ANALYSTS have cut the 2016-17 profit forecast for Carr's Group after the company warned of “significant challenges” ahead.

The Carlisle-based agriculture, food and engineering group last week reported a slight dip in half-year profits.

It made £10.5m before tax in the six months to February, down from £10.6m in the same period last year.

Turnover was 9.4 per cent lower, at £189.1m, largely, the company says, due to lower commodity prices.

But Carr's warned of “significant challenges” in the next financial year, particularly in UK agriculture, prompting its house broker Investec to downgrade the profit forecast from £17.8m to £17.2m.

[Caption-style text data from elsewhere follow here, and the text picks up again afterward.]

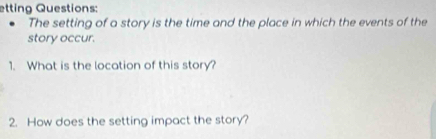 etting Questions: 
The setting of a story is the time and the place in which the events of the 
story occur. 
1. What is the location of this story? 
2. How does the setting impact the story?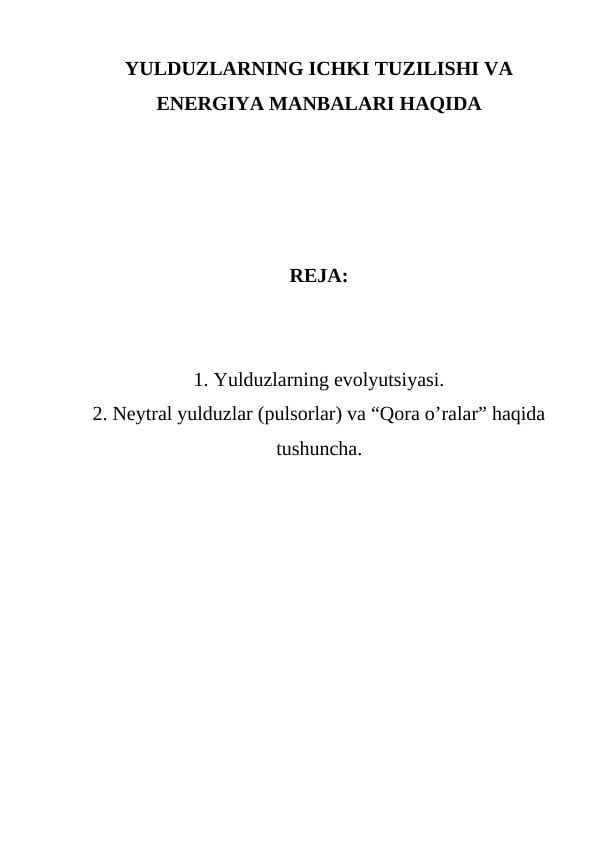 Yulduzlarning ichki tuzilishi va energiya manbalari haqida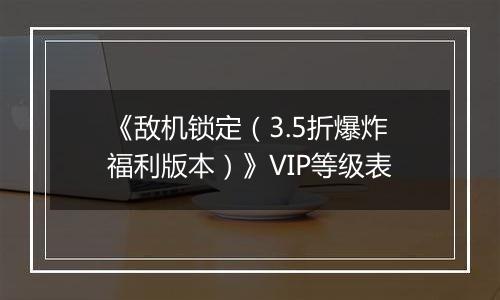 《敌机锁定（3.5折爆炸福利版本）》VIP等级表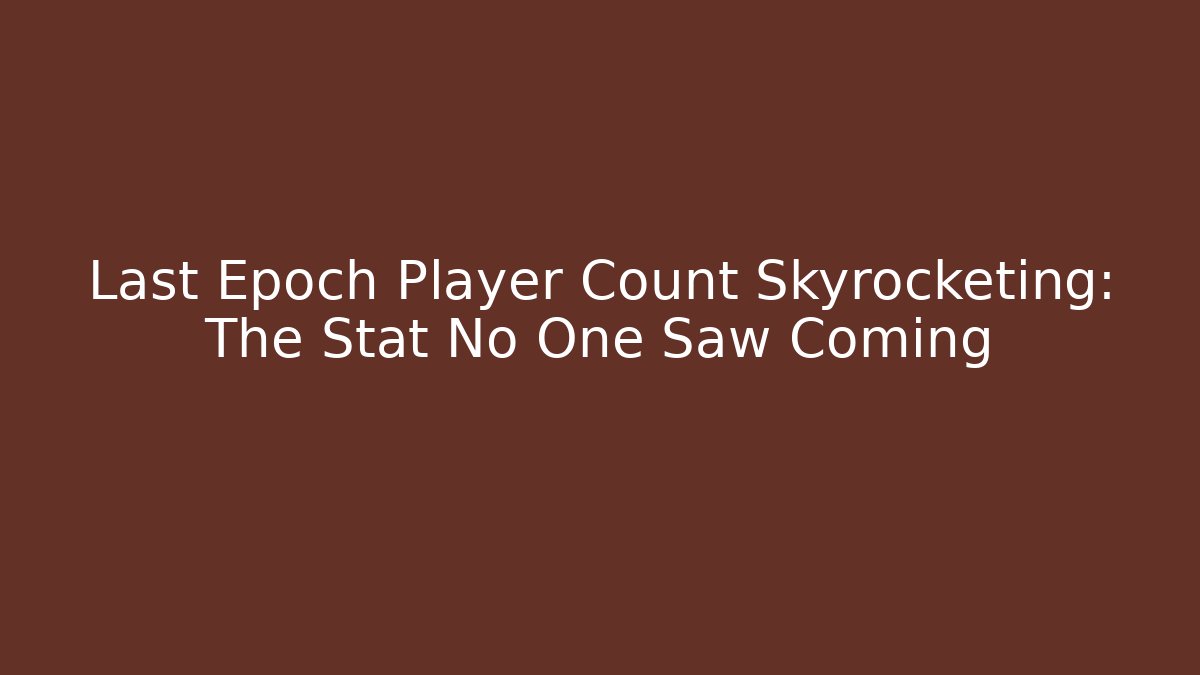 Last Epoch Player Count Skyrocketing: The Stat No One Saw Coming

Investec stands by its prediction of £17.5m profits for 2015-16, on a par with the year before.

Carr's chief executive Tim Davies told  in-Cumbria  that the company was being “realistic”, given the difficulties facing agriculture, especially dairy farmers.

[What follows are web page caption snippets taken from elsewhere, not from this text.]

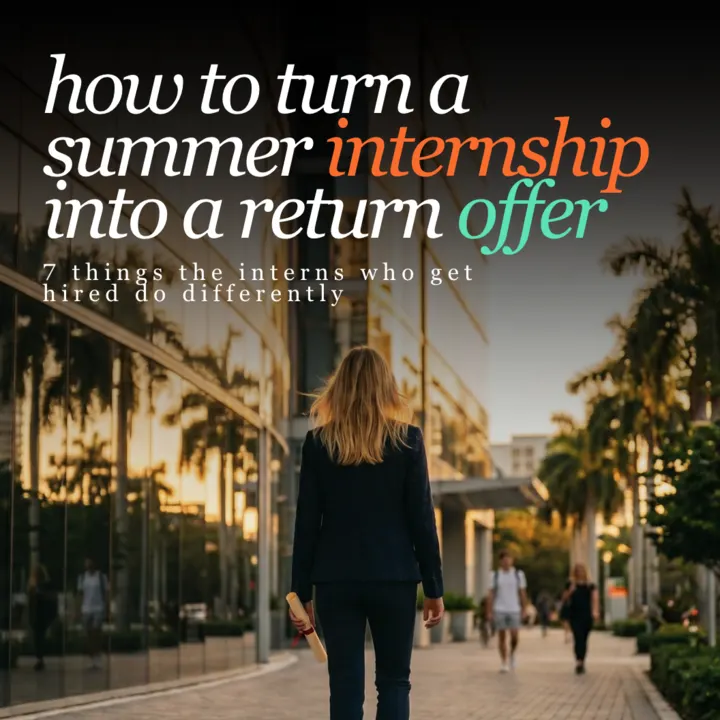 How to turn a summer internship into a return offer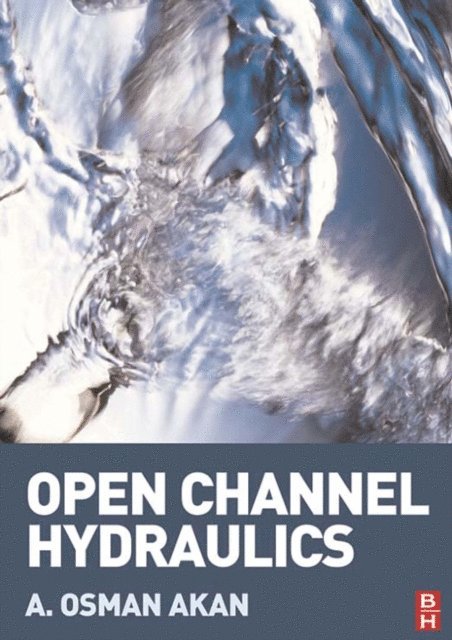 A. Osman Akan - Open Channel Hydraulics, E-bok. Tillgänglighet: Lägg i varukorg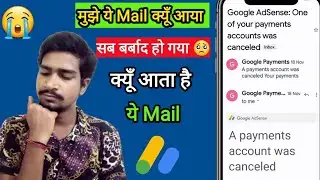Google Adsense one of your payments account was canceled 😭 ye mail kyu aata hai
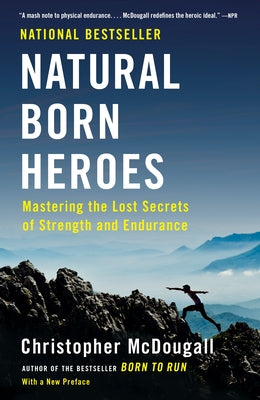 Natural Born Heroes: Mastering the Lost Secrets of Strength and Endurance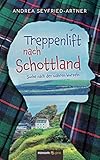 Treppenlift nach Schottland: Suche nach den wahren Wurzeln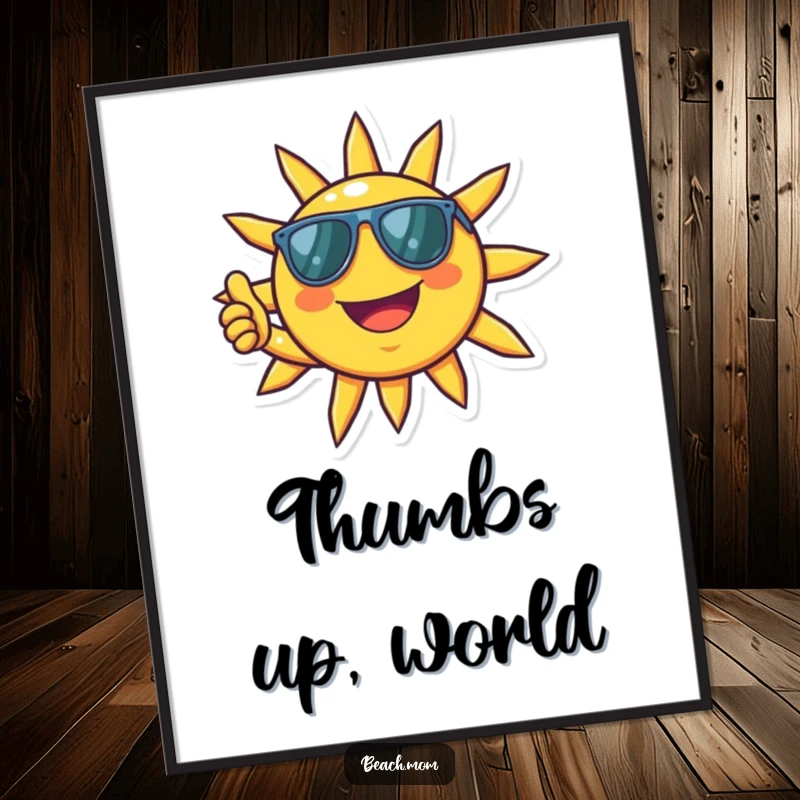 Funny Sun Digital Art Print: Smiling sun with sunglasses gives thumbs up, instant positive decor.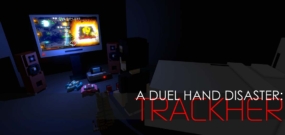 决斗灾难之手：追踪器 A Duel Hand Disaster: Trackher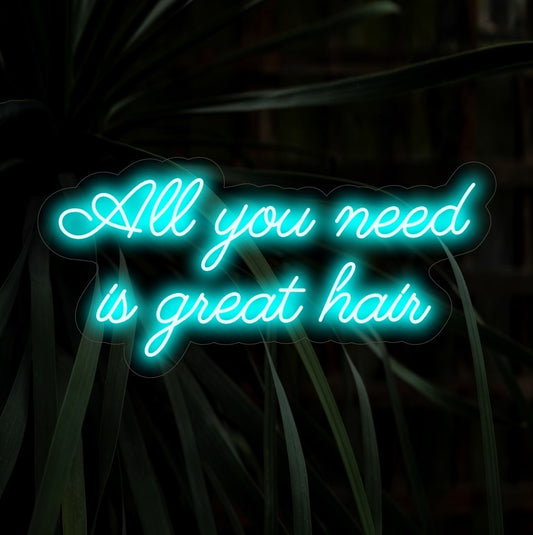 "All You Need Is Great Hair Neon Sign" - A stylish neon light with a cheeky message, infusing humor and flair into your beauty or hair salon.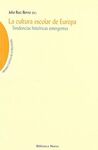 LA CULTURA ESCOLAR DE EUROPA, TENDENCIAS HISTÓRICAS EMERGENTES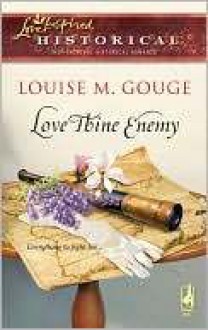 Love Thine Enemy - Louise M. Gouge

He said: “The trading situation in UK agriculture is particularly difficult.  It's getting worse and there is no end in sight.”

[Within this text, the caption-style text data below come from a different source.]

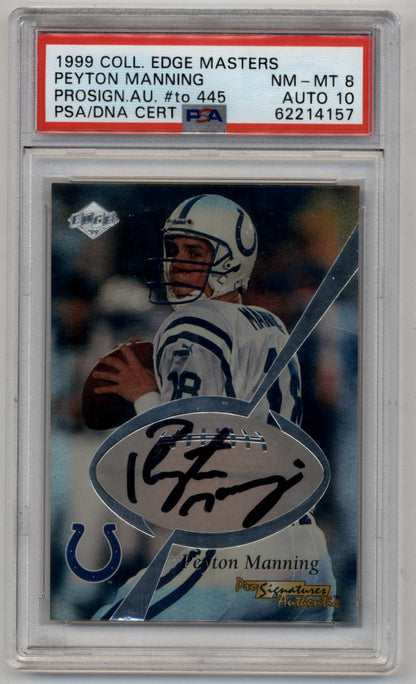 Peyton Manning 1999 Collector's Edge Masters Prosign Auto /445 PSA 8 Near Mint-Mint Auto 10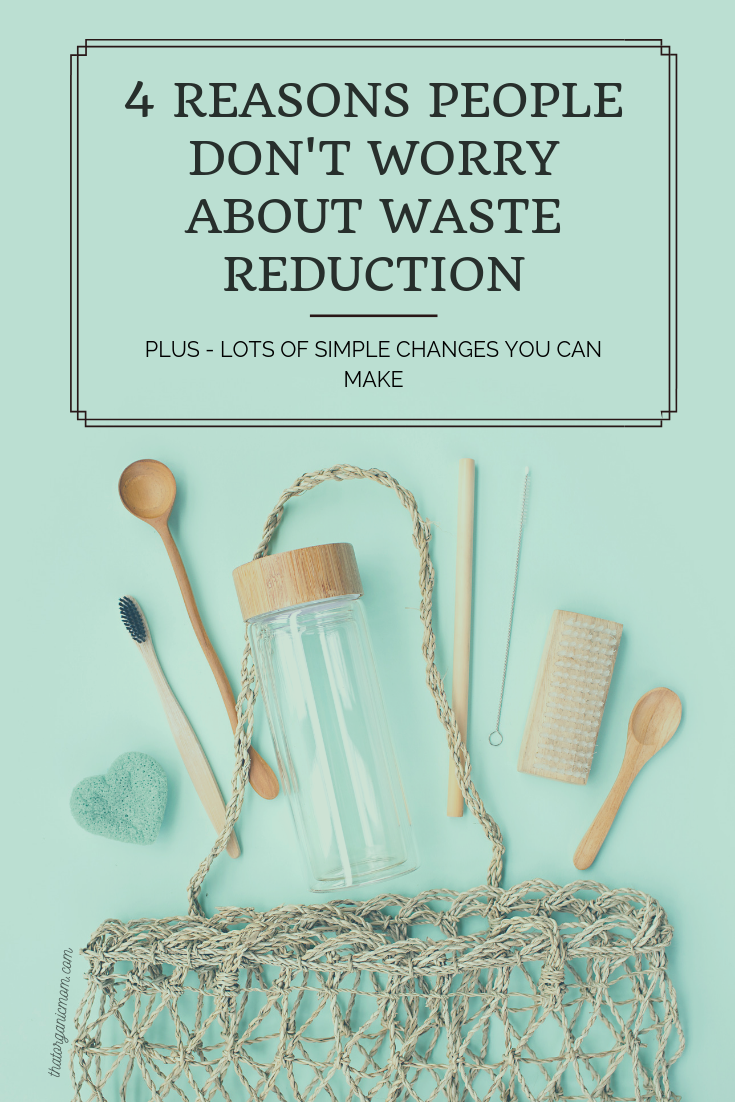 4 Reasons People Don't Worry about Waste Reduction 3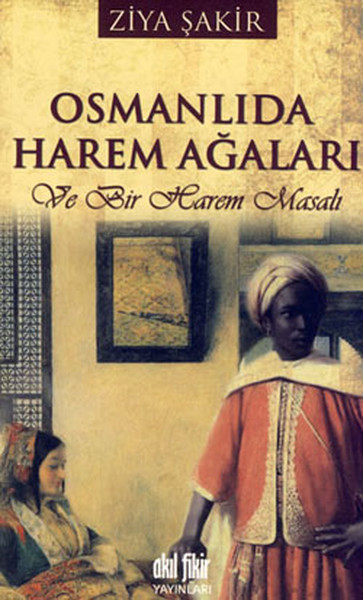 Osmanlıda Harem Ağaları  Ve Bir Harem Masalı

Carr's has more than 50 UK sites, a robotics business in Germany and animal-feed plants in the US.

The Cumbrian operations include Silloth flour mill, the Carrs Billington agricultural machinery dealerships and country retail stores, and Bendalls Engineering in Carlisle.

While animal feed sales in Europe fell in the first half of 2015-16, the lost volumes were partly offset by strong growth in the US.

And while farm machinery sales fell 11.7 per cent, the country store network and fuel-supply business saw sales increase.

Flooding caused by Storm Desmond in December affected several Carr's sites, including a feed mill in Lancaster, and one of its key customers, McVitie's in Carlisle. It said insurance would cover the losses incurred. 

Engineering suffered a difficult start to the financial year, with operating profits down 58 per cent, but new contracts from Sellafield should reverse that trend in the second half.

Mr Davies said: “We had a slow start [in engineering] as we switched out of oil and gas and into nuclear.

"We have done extremely well in terms of securing contracts at Sellafield and have a fantastic order book going forward.”

Despite the fall in profits, Carr's is raising the interim dividend from 0.925p to 0.95p.

Net debt increased from £24.4m in August to £27m, driven by working capital requirements within agriculture and engineering.

The period also saw the company close its defined-benefit pension scheme to further accrual, even though the scheme is in surplus.

Mr Davies said that the inherent risks of defined-benefit schemes, where liabilities can increase sharply without warning, meant that closure to further accrual was “the right thing to do”.